Feb-05-2020, 08:28 PM
***This is a revised question from a previous post since I do not know how to delete my old post***
Here is the top of the script where the model was trained (I am using Logistic Regression):
I am not sure how I can ensure the number of features matching from training dataset and testing input? I'm expecting the testing input would have less records than the training data, so after converting the categorical values to dummy values would it result in less number of features.
I understand that the testing data might also be gone through same preprocessing and cleasing steps, in which the categorical columns needs to be converted to dummy values. May I ask if there is a way to use the model and make prediction based on original columns not the features?
Since I'm a newbie please correct me if my knowledge/wordy is wrong to use here. Thank you guys so much for helping me out.

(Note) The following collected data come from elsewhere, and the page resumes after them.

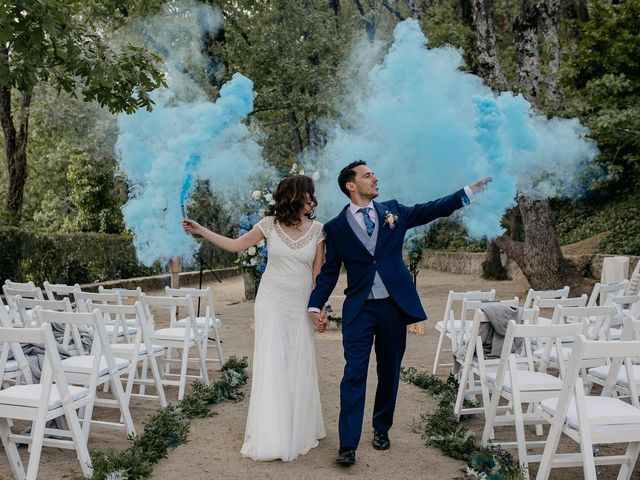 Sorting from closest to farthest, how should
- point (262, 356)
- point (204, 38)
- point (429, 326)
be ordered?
point (262, 356) < point (429, 326) < point (204, 38)

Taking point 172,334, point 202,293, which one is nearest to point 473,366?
point 172,334

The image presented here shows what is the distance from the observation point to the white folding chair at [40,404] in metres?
3.99

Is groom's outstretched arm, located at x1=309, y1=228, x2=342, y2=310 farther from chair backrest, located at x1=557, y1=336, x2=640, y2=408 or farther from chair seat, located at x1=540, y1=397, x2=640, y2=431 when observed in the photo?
chair backrest, located at x1=557, y1=336, x2=640, y2=408

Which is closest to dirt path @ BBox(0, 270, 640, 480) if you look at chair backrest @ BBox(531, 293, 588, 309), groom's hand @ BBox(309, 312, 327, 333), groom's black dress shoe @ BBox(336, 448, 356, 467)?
groom's black dress shoe @ BBox(336, 448, 356, 467)

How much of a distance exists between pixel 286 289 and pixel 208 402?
1.92 metres

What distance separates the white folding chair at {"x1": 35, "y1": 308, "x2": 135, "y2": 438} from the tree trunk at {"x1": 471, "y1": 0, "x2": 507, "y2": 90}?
10.4 metres

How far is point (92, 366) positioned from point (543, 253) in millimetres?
11984

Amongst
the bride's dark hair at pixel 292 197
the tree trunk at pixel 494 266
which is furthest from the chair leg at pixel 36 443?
the tree trunk at pixel 494 266

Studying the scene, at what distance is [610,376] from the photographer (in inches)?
179

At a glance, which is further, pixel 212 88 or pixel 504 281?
pixel 504 281

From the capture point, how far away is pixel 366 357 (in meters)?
4.79

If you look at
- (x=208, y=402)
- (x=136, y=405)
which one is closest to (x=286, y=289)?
(x=208, y=402)

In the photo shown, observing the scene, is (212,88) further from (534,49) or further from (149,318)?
(149,318)

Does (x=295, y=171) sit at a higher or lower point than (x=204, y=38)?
lower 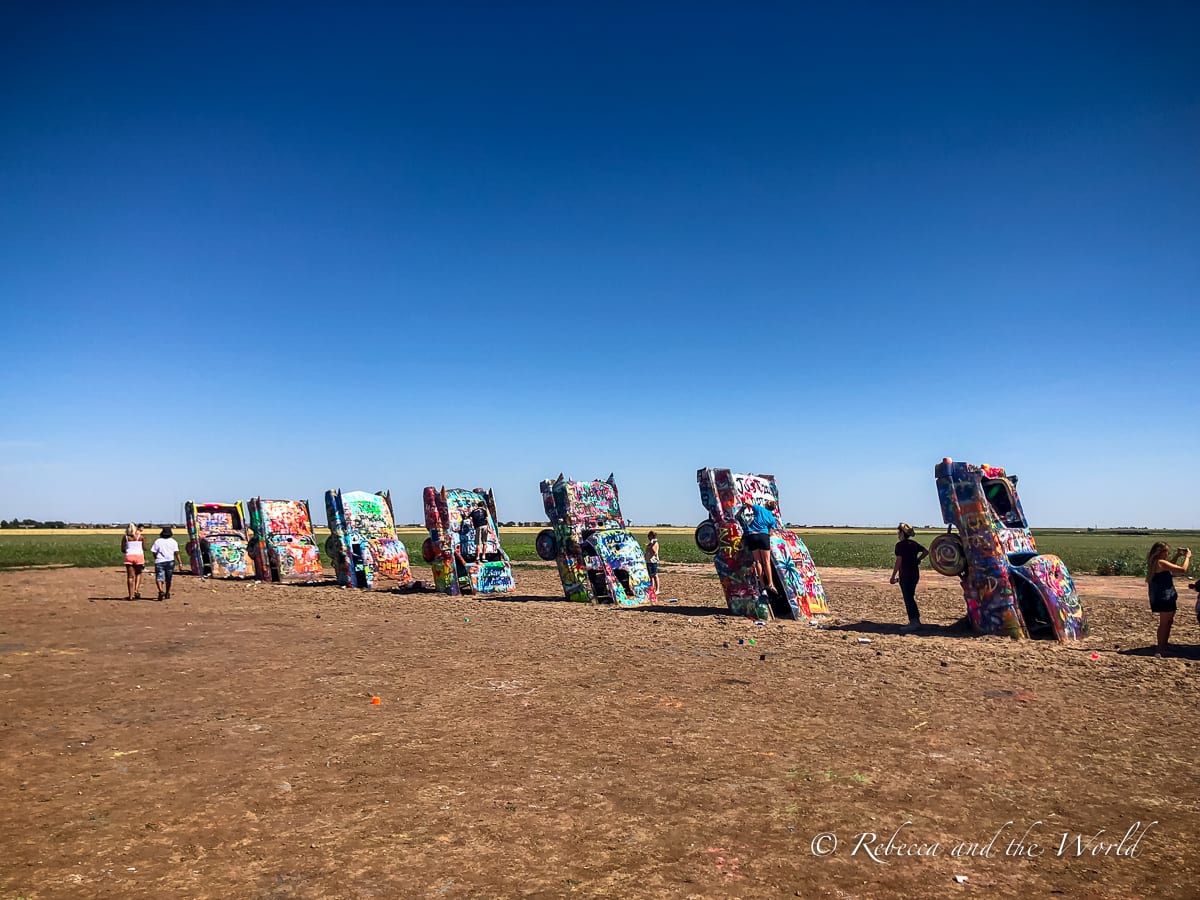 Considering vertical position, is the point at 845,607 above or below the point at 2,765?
below

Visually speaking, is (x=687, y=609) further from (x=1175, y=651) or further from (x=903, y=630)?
(x=1175, y=651)

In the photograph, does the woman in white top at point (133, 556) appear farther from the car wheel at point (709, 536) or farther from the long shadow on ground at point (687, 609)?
the car wheel at point (709, 536)

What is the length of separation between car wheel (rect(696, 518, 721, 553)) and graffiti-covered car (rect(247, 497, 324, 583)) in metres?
17.0

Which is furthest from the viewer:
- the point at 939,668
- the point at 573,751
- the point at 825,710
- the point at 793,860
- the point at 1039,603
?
the point at 1039,603

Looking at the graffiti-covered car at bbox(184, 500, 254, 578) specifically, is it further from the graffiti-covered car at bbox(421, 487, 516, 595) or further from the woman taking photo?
the woman taking photo

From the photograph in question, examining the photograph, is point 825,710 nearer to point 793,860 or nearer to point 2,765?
point 793,860

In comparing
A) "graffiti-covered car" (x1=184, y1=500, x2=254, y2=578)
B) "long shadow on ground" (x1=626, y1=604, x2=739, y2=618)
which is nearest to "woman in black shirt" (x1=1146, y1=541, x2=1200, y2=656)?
"long shadow on ground" (x1=626, y1=604, x2=739, y2=618)

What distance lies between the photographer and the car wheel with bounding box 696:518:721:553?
1678 centimetres

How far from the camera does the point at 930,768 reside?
6.46 metres

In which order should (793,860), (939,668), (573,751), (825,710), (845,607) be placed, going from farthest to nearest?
1. (845,607)
2. (939,668)
3. (825,710)
4. (573,751)
5. (793,860)

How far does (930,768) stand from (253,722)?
663 cm

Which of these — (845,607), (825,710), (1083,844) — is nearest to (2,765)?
(825,710)

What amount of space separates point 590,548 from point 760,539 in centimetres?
570

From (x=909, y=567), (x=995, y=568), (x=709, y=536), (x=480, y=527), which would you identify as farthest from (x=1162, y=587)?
(x=480, y=527) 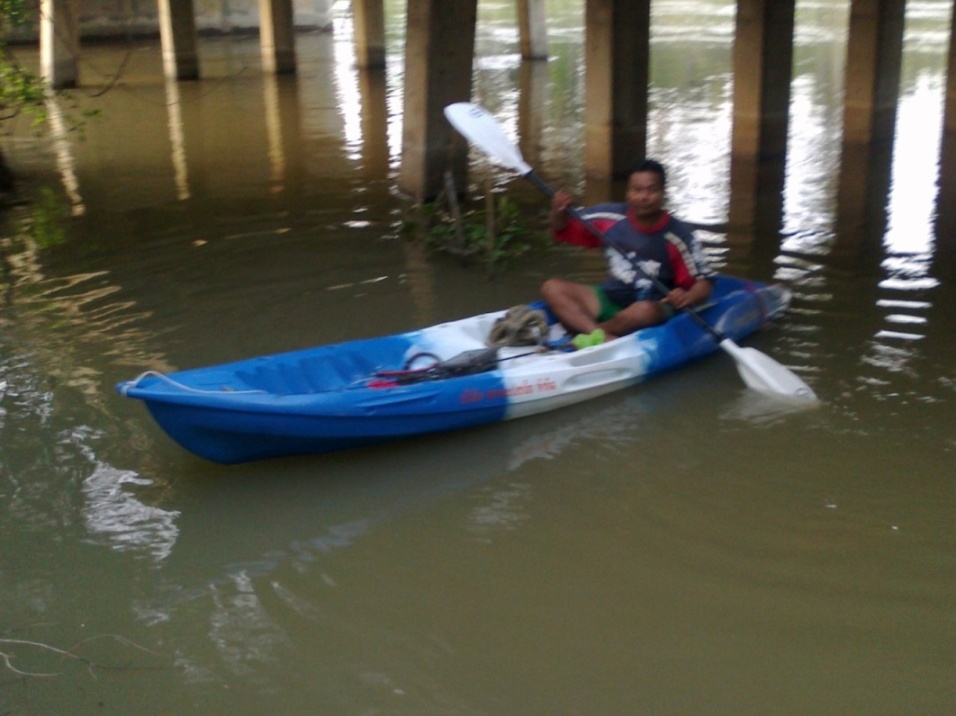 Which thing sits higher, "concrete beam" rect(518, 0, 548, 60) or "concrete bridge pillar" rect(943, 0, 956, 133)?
"concrete beam" rect(518, 0, 548, 60)

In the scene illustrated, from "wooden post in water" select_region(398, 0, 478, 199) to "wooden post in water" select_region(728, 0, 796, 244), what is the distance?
9.24 feet

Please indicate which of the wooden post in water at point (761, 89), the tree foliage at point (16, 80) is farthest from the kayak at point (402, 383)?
the wooden post in water at point (761, 89)

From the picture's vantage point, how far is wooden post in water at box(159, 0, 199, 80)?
17.6 m

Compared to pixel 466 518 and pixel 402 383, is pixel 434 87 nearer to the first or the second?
pixel 402 383

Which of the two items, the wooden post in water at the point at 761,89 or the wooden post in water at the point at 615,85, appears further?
the wooden post in water at the point at 761,89

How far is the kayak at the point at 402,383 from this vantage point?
168 inches

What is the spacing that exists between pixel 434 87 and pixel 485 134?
2.81 m

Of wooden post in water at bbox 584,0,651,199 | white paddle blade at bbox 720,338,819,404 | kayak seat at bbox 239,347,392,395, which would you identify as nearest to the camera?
kayak seat at bbox 239,347,392,395

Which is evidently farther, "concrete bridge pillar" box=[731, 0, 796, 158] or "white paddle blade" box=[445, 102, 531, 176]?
"concrete bridge pillar" box=[731, 0, 796, 158]

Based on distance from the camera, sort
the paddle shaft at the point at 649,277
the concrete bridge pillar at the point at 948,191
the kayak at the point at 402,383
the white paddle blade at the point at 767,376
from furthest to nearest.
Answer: the concrete bridge pillar at the point at 948,191 < the paddle shaft at the point at 649,277 < the white paddle blade at the point at 767,376 < the kayak at the point at 402,383

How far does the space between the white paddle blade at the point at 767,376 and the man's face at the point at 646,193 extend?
0.78 m

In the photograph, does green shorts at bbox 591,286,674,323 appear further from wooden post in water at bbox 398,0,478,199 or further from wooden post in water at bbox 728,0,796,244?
wooden post in water at bbox 728,0,796,244

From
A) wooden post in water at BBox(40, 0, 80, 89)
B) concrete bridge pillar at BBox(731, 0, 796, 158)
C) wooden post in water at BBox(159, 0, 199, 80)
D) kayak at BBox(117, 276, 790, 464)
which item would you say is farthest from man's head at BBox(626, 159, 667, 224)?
wooden post in water at BBox(159, 0, 199, 80)

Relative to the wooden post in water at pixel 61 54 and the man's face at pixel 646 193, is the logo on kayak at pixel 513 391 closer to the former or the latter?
the man's face at pixel 646 193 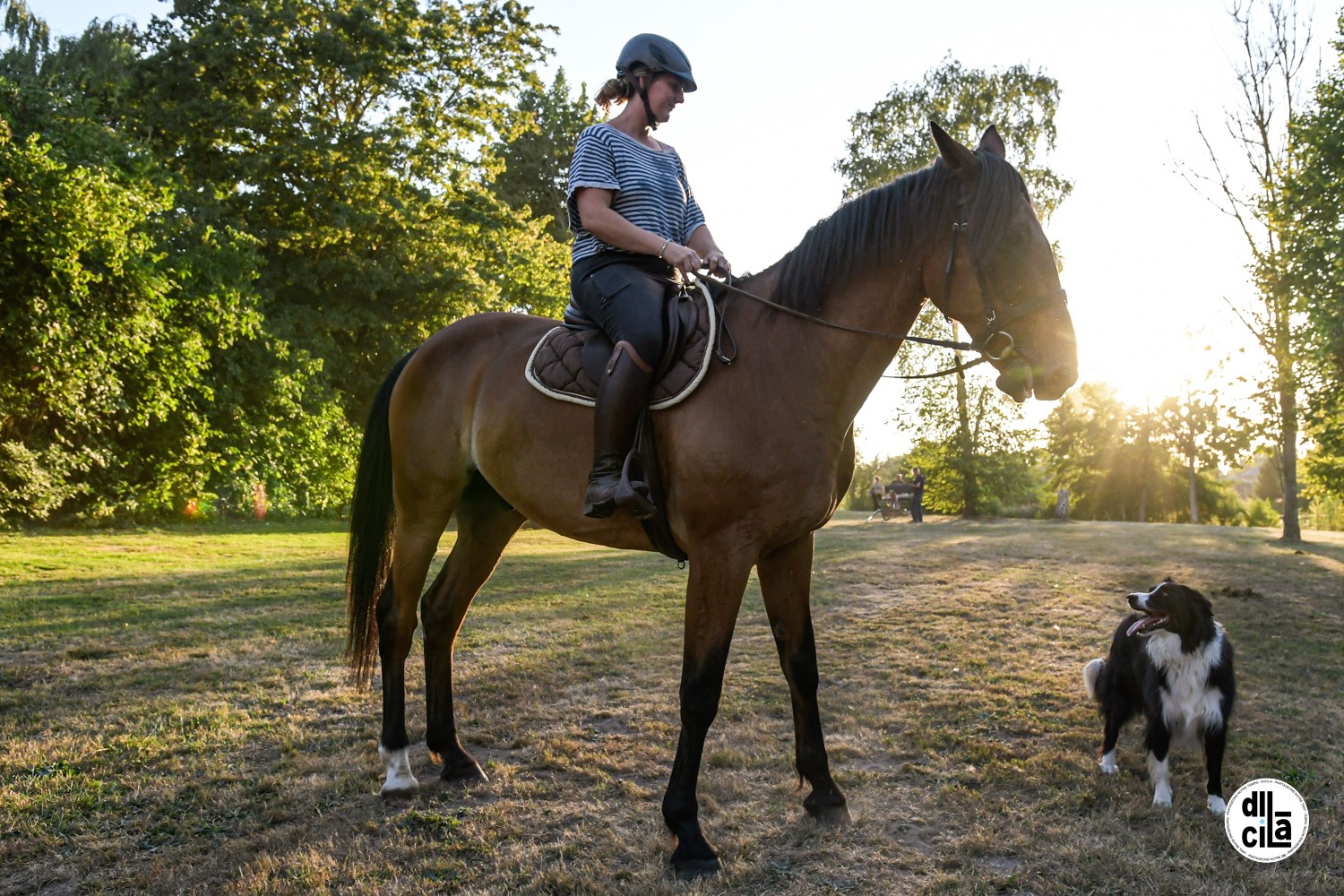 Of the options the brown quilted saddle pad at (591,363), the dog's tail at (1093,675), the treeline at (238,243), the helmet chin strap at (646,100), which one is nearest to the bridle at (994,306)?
the brown quilted saddle pad at (591,363)

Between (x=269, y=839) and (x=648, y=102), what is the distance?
3.67 metres

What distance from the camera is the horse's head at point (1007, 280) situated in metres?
3.23

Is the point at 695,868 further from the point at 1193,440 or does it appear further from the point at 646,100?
the point at 1193,440

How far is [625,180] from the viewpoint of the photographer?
3.81 m

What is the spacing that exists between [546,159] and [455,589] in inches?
1183

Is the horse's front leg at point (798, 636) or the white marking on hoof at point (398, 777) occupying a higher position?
the horse's front leg at point (798, 636)

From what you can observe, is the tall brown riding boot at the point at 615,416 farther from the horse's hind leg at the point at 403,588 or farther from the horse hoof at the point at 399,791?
the horse hoof at the point at 399,791

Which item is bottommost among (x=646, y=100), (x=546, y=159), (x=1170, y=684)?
(x=1170, y=684)

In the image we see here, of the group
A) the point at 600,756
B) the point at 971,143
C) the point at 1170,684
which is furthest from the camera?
the point at 971,143

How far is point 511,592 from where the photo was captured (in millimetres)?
10672

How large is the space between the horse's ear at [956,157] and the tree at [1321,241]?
13356 millimetres

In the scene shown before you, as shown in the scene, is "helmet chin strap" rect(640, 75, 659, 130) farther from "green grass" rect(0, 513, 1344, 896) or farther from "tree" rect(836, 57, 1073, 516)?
"tree" rect(836, 57, 1073, 516)

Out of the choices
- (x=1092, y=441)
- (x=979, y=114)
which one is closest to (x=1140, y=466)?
(x=1092, y=441)

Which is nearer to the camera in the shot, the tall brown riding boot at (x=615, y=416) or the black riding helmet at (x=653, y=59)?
the tall brown riding boot at (x=615, y=416) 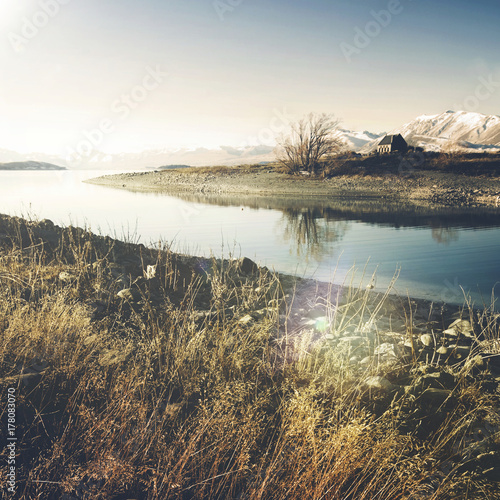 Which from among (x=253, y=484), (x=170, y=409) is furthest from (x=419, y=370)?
(x=170, y=409)

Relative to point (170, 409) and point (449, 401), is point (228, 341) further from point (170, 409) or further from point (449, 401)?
point (449, 401)

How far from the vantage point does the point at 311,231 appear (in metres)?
12.4

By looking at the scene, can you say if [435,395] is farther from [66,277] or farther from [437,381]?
[66,277]

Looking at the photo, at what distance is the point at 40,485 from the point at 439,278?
7369 millimetres

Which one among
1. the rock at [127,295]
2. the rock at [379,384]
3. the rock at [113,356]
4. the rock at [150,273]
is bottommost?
the rock at [379,384]

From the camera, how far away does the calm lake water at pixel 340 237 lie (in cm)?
740

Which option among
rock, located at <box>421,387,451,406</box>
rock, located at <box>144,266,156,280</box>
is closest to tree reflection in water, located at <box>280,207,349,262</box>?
rock, located at <box>144,266,156,280</box>

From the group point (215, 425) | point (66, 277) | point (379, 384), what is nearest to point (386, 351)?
point (379, 384)

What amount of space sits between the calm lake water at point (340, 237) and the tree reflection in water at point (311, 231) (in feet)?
0.10

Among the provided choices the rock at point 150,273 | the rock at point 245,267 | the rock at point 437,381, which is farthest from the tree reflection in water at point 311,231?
the rock at point 437,381

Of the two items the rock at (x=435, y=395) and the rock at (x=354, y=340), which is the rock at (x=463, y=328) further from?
the rock at (x=435, y=395)

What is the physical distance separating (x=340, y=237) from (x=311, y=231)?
1322 millimetres

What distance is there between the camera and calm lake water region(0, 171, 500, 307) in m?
7.40

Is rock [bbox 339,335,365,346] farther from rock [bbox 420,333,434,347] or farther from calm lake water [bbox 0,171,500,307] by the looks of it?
calm lake water [bbox 0,171,500,307] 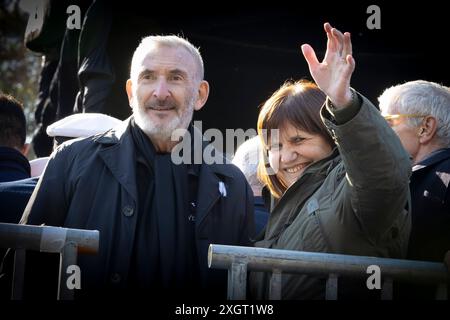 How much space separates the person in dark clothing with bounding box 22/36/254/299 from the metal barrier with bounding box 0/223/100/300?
1.75 ft

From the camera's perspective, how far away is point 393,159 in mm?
2119

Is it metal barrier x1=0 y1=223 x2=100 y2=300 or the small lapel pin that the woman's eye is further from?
metal barrier x1=0 y1=223 x2=100 y2=300

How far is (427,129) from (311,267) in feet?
4.35

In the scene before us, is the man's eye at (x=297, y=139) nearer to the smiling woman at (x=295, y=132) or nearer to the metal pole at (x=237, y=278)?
the smiling woman at (x=295, y=132)

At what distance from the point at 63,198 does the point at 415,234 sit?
1374 mm


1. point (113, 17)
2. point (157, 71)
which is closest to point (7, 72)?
point (113, 17)

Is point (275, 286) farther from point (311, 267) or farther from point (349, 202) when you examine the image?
point (349, 202)

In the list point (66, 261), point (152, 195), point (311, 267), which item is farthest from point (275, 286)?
point (152, 195)

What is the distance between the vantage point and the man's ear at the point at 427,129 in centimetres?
320

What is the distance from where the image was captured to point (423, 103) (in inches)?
127

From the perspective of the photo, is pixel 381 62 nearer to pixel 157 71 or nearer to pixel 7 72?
pixel 157 71

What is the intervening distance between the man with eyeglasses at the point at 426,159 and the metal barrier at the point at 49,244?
1058 mm

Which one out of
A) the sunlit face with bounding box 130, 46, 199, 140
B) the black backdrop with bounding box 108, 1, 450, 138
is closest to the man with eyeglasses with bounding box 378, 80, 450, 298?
the sunlit face with bounding box 130, 46, 199, 140

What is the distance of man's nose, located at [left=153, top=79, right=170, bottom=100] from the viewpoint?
3170 mm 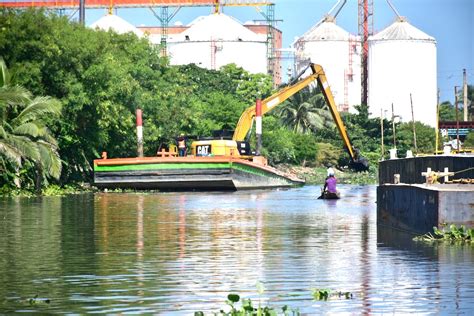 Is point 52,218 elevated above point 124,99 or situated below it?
below

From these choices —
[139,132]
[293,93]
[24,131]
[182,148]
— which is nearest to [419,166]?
[24,131]

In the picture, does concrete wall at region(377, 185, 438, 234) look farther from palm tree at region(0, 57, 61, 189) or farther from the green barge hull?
the green barge hull

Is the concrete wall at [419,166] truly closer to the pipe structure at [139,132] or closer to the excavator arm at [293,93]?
the pipe structure at [139,132]

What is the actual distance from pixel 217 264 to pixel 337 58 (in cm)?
11522

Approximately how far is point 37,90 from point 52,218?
2170 cm

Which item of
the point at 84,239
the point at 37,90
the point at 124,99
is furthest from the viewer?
the point at 124,99

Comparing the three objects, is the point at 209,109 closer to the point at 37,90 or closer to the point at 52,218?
the point at 37,90

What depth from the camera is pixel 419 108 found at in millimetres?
126500

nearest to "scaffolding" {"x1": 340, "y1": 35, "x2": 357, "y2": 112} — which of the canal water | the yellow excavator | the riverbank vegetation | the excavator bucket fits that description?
the excavator bucket

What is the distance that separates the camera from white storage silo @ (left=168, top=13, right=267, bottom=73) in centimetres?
13125

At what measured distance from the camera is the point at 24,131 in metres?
50.1

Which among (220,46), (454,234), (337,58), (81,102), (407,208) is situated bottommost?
(454,234)

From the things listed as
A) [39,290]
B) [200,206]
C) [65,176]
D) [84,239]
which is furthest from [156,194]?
[39,290]

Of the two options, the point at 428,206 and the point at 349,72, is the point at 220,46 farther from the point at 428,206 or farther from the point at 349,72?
the point at 428,206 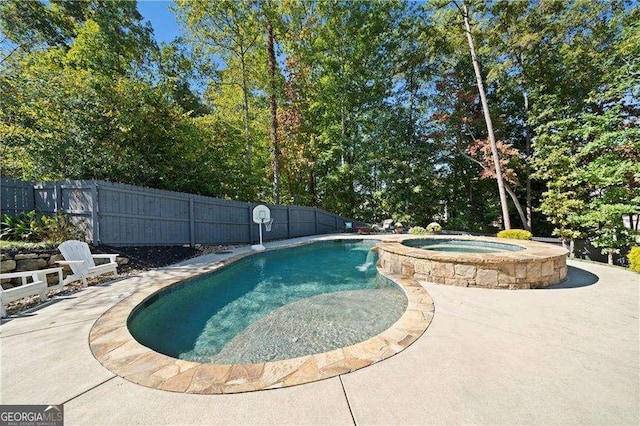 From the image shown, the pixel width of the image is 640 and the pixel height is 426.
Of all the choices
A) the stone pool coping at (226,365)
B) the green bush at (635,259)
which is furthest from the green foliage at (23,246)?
the green bush at (635,259)

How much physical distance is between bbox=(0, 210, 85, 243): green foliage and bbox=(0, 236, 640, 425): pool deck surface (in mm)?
3131

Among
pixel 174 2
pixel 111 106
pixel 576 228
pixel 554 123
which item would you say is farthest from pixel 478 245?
pixel 174 2

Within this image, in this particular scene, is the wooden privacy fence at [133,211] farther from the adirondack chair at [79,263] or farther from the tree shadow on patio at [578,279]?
the tree shadow on patio at [578,279]

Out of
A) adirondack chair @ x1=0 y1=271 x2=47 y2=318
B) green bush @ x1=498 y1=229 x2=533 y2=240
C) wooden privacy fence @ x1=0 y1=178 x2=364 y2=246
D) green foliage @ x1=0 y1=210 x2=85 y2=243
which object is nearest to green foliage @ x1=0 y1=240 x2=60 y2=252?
green foliage @ x1=0 y1=210 x2=85 y2=243

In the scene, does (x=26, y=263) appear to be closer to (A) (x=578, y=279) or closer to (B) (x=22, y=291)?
(B) (x=22, y=291)

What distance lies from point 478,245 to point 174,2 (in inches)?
604

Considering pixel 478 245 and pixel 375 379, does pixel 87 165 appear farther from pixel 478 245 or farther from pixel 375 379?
pixel 478 245

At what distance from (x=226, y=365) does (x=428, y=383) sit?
1.63 meters

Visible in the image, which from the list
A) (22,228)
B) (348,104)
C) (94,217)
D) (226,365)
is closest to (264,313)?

Here is the top of the script where the model was trained (I am using Logistic Regression):
data_raw = pd.read_sql(sql,cnxn) pd.Series(data_raw.columns) pd.Series(data_raw.dtypes) data_raw.describe(include='all') data_raw['collision_type'] = data_raw.loc[0:, 'collision_type'].replace('?', 'Unknown') data_raw['property_damage'] = data_raw.loc[0:, 'property_damage'].replace('?', 'Unknown') data_raw.isnull().sum() dropping_columns = ['months_as_customer', 'policy_bind_date', 'age', 'policy_number', 'policy_annual_premium', 'insured_zip', 'capital_gains', 'capital_loss', 'total_claim_amount', 'injury_claim', 'property_claim', 'vehicle_claim', 'auto_year'] data_cleaned = data_raw.drop(dropping_columns, axis=1) data_preprocessed = pd.get_dummies(data_cleaned, drop_first=True) targets = data_preprocessed['fraud_reported_Y'] features = data_preprocessed.drop(['fraud_reported_Y'], axis=1) x_train, x_test, y_train, y_test = train_test_split(features, targets, test_size=0.2, random_state=420) from sklearn.linear_model import LogisticRegression logreg = LogisticRegression() logreg.fit(x_train, y_train) y_pred = logreg.predict(x_test)Now I'm trying to make predictions on a test input (test dataset imported from SQL table):
test = df['TestTable'] test = test[0] sql = 'SELECT * FROM '+ test test_raw = pd.read_sql(sql,cnxn) #sample_rows = test_raw.sample(n=5) test_raw.describe(include='all') test_raw['collision_type'] = data_raw.loc[0:, 'collision_type'].replace('?', 'Unknown') test_raw['property_damage'] = data_raw.loc[0:, 'property_damage'].replace('?', 'Unknown') test_raw.isnull().sum() print(test_raw.shape) test_dropped = test_raw.drop(dropping_columns, axis=1) test_preprocessed = pd.get_dummies(test_dropped, drop_first=True) logreg = LogisticRegression() logreg.fit(x_train, y_train) test_predicted = logreg.predict(test_preprocessed)Here is the error I got:
Error:Traceback (most recent call last):
File "<ipython-input-149-e6d470e94433>", line 1, in <module>
runfile('C:/Users/BusinessUser/Downloads/insurance_claim_fraud_detection-master/insurance_claim_fraud_detection.py', wdir='C:/Users/BusinessUser/Downloads/insurance_claim_fraud_detection-master')
File "C:\Users\BusinessUser\Anaconda3\lib\site-packages\spyder_kernels\customize\spydercustomize.py", line 827, in runfile
execfile(filename, namespace)
File "C:\Users\BusinessUser\Anaconda3\lib\site-packages\spyder_kernels\customize\spydercustomize.py", line 110, in execfile
exec(compile(f.read(), filename, 'exec'), namespace)
File "C:/Users/BusinessUser/Downloads/insurance_claim_fraud_detection-master/insurance_claim_fraud_detection.py", line 402, in <module>
test_predicted = logreg.predict(test_preprocessed)
File "C:\Users\BusinessUser\Anaconda3\lib\site-packages\sklearn\linear_model\base.py", line 289, in predict
scores = self.decision_function(X)
File "C:\Users\BusinessUser\Anaconda3\lib\site-packages\sklearn\linear_model\base.py", line 270, in decision_function
% (X.shape[1], n_features))
ValueError: X has 231 features per sample; expecting 1228
For your information, my training dataset has 999 records while the testing input has 50 records. The training dataset has a same number of columns as testing input, except that the training dataset has one final column: the predicted result column.I am not sure how I can ensure the number of features matching from training dataset and testing input? I'm expecting the testing input would have less records than the training data, so after converting the categorical values to dummy values would it result in less number of features.
I understand that the testing data might also be gone through same preprocessing and cleasing steps, in which the categorical columns needs to be converted to dummy values. May I ask if there is a way to use the model and make prediction based on original columns not the features?
Since I'm a newbie please correct me if my knowledge/wordy is wrong to use here. Thank you guys so much for helping me out.